Se acomodaron en las sillas de plástico que tenían en el balcón mientras siguieron conversando. Hablaron de todos los temas posibles, incluso de los más polémicos. Se sorprendieron al darse cuenta de que tenían más en común de lo que pensaban. Entre bromas, compartieron sus miedos más profundos y sus pensamientos más oscuros. Allí, bajo la luz de la luna, desnudaron su alma, sin juzgarse, sin prejuicios.
Las horas pasaron sin que se dieran cuenta y, aunque ambos estaban cansados, ninguno quería ser el primero en irse. Finalmente, ella dio el paso, pudiéndole la responsabilidad.
- Creo que ya va siendo hora de volver a la cama. Mañana tengo que madrugar. - Se levantó reprimiendo un suspiro de resignación. Él la imitó y se puso en pie. Se quedaron el uno frente al otro sabiendo que ya no se veían de la misma forma que horas antes, como si no se hubieran visto realmente hasta entonces.

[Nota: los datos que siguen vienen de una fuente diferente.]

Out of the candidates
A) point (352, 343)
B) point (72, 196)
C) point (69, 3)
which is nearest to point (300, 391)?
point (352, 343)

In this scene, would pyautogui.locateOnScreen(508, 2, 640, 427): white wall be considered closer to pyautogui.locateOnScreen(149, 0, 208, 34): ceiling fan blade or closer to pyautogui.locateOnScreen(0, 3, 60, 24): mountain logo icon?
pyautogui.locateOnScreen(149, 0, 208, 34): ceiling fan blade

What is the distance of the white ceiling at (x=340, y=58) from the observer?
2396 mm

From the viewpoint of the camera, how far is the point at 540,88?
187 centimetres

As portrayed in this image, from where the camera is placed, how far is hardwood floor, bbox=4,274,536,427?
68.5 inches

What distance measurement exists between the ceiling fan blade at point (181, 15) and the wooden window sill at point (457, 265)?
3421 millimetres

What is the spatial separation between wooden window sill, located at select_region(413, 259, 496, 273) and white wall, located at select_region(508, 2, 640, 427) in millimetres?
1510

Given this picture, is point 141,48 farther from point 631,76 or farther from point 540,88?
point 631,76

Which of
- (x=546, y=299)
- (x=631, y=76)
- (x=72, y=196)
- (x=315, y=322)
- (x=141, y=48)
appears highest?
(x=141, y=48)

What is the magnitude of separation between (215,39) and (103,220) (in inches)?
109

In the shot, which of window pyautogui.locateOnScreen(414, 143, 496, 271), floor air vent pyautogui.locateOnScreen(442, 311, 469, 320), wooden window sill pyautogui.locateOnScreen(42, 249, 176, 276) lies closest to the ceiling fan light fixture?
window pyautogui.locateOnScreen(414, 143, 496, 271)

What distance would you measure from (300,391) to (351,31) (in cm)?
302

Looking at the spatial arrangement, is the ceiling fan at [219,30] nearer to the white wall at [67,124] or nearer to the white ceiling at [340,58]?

Sin saber cual sería la forma correcta de despedirse, se decidió por unos golpecitos amables en el brazo. - Buenas noches.
Se dirigió hacia el salón, sintiéndose absurdamente ridícula por ese gesto de despedida. ¿Pero qué le pasaba? Desde el primer momento en que le vio había sentido una atracción hacia él, disminuida por su actitud chulesca y engreída, pero ahora que había visto realmente su interior y que tenía una oportunidad de acercarse a él ni siquiera era capaz de darle un abrazo.

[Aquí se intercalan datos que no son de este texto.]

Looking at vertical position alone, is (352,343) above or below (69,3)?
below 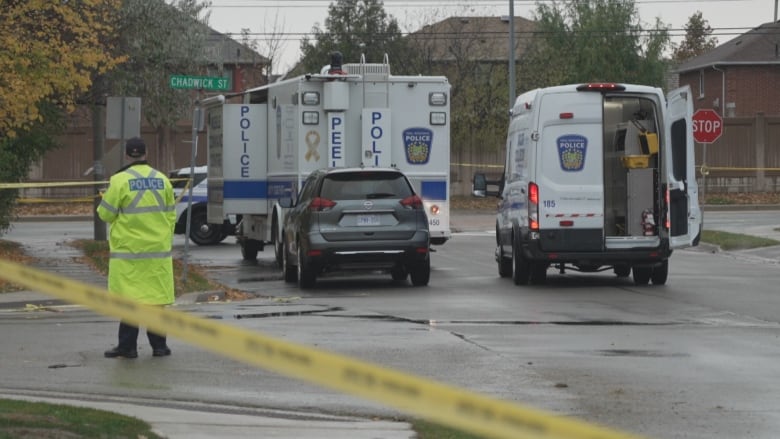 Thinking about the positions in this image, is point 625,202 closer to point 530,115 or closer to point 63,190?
point 530,115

- ¡Espera! - Dijo él, yendo detrás de ella. La cogió del brazo, haciendo que se girara hacia él y la besó. No podía dejar que una noche como esa acabara con una despedida tan fría, se hubiera arrepentido si no la hubiera besado.
Ella le respondió al beso. Cuando se separaron, una pequeña sonrisa apareció en sus labios.

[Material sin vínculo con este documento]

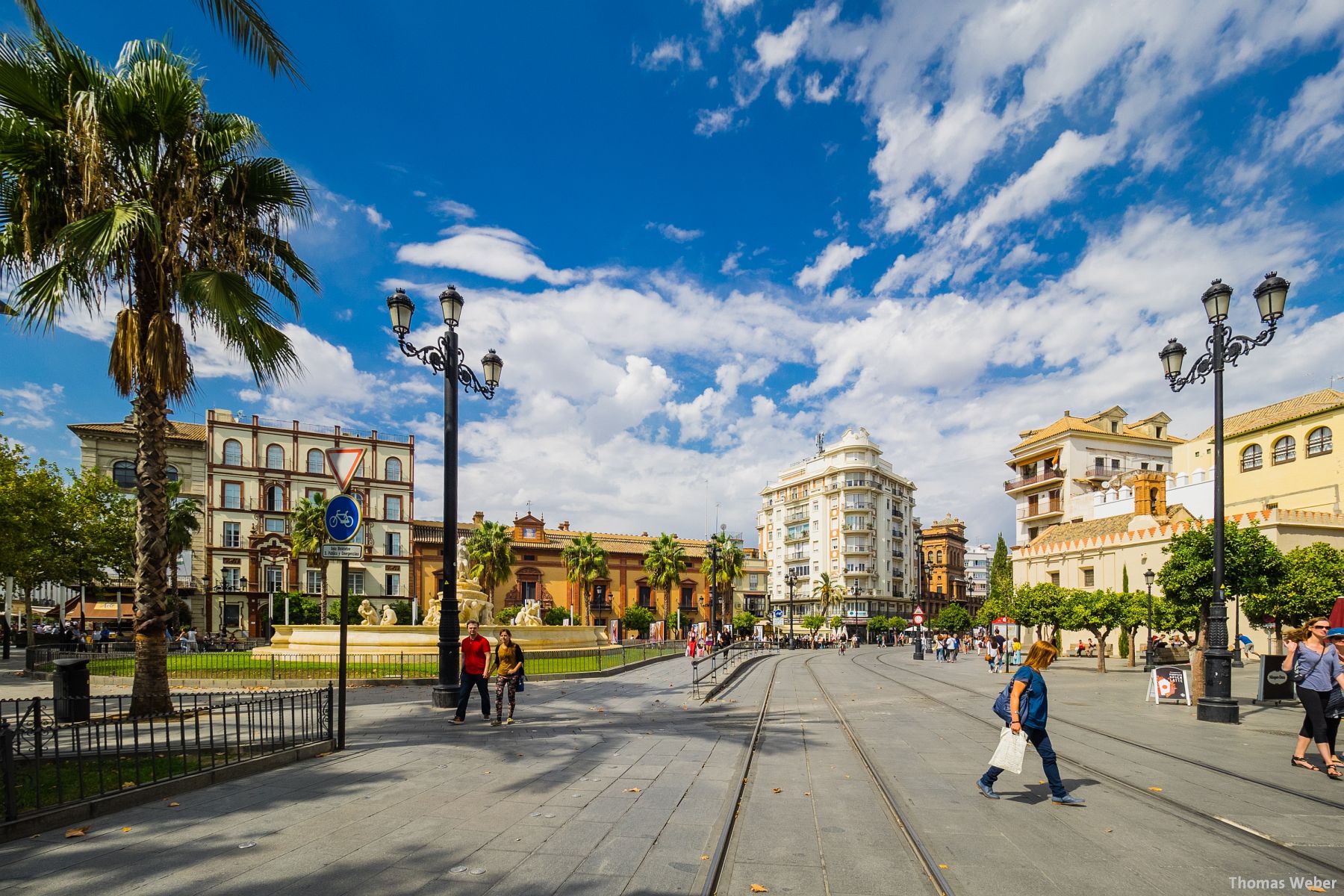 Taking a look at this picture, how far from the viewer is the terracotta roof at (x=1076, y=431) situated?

- Ahora sí, buenas noches. - Concluyó él con otra sonrisa.
Ella volvió a su habitación y se tumbó en la cama mirando hacia el techo, memorizando cada detalle de esa noche. Él salió al balcón de nuevo y miró a la luna, que había cambiado de sitio durante el transcurso de la noche y se sintió vivo por primera vez desde hacía mucho tiempo.
No volvieron a hablar de ese beso aunque ninguno de los dos lo había logrado olvidar. Temiendo romper el frágil equilibrio que habían conseguido crear en el año que llevaban compartiendo piso, trataron de evitarse y pasar el menor tiempo posible a solas, lo cual era difícil, aunque habían cumplido su propósito hasta aquella noche, que se encontraron casualmente en una fiesta.
Él consiguió quitarle las llaves y entraron en el piso compartido. Las dejó sobre la barra que separaba la cocina del salón. Ella cerró la puerta tras de si y observó detenidamente a su compañero: su ancha espalda perfilada por esos formados hombros, sus brazos fuertes y sus grandes manos, ese pantalón camel regalo de unas Navidades pasadas y esas ejercitadas pantorrillas en sus años de baloncesto... Él se giró y la contempló como si no la había mirado nunca antes: sus largas piernas apenas bronceadas por el sol, ese vestido que se ajustaba a su figura como una segunda piel, marcando sus curvas, el cabello largo, cayéndole sobre los hombros...
Los dos se acercaron como activados por un resorte. Se besaron con intensidad, sin molestarse en coger aire, sin remilgos, mientras acariciaban el cuerpo del otro con sus manos. Se detuvieron cuando la espalda de él tocó la pared que dividía sus habitaciones. Ella se retiró y él la dejó marchar.
- Buenas noches. - Dijo ella dirigiéndose a su habitación.
- Buenas noches. - Respondió él sin quitarle los ojos de encima.
Cruzaron una mirada rápida antes de que ella cruzara el umbral de la puerta pero aun así la cerró. Él deambuló nervioso frente a ella sin atreverse a llamar. Justo cuando tenía el puño levantado dispuesto a golpear la madera ella apareció de nuevo, con una mirada que lo decía todo. Él sonrió levemente y volvieron a juntar sus labios, sedientos de amor, entrando en el dormitorio.